Warm Bodies

HORROR COMEDY; 1hr 38min

STARRING: Nicholas Hoult, Teresa Palmer

In deep: Palmer and Hoult


Not just any old zombie movie, Warm Bodies gives the shambling creepies a soul. Eight years after the usual obliterating plague, zombie R (A Single Man ’s Hoult), his bestie, M (Rob Corddry), and others of their flesh-eating ilk are eking out a bleary existence in a derelict airport. R can’t speak, but as his chatty voice-over reveals, he can think and feel.

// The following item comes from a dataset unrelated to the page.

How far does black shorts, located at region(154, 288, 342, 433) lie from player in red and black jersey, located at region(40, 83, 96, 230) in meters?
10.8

And when he spots spunky Julie (Palmer) in self-preserving, anti-zombie action, it’s love and then some.

 

Conventional courtship not being R’s forte, he promptly eats the brain of Julie’s boyfriend (Dave Franco), thereby also ingesting the history of their relationship, then shuffles her off to his airplane lair. “What am I doing?” the broody corpse testily demands of himself, as well indeed he might.

 

Writer-director Jonathan Levine (The Wackness) walks a chancy walk with his adaptation of Isaac Marion’s 2010 novel — a brain-gobbling cadaver with a serious crush doesn’t exactly read like the role of a lifetime, after all. But Hoult makes it work with a shell-shocked stance that mirrors the freakishness of a crazed new world in which death has a fresh definition, hope is eternally elastic and humanity has been strangely reimagined.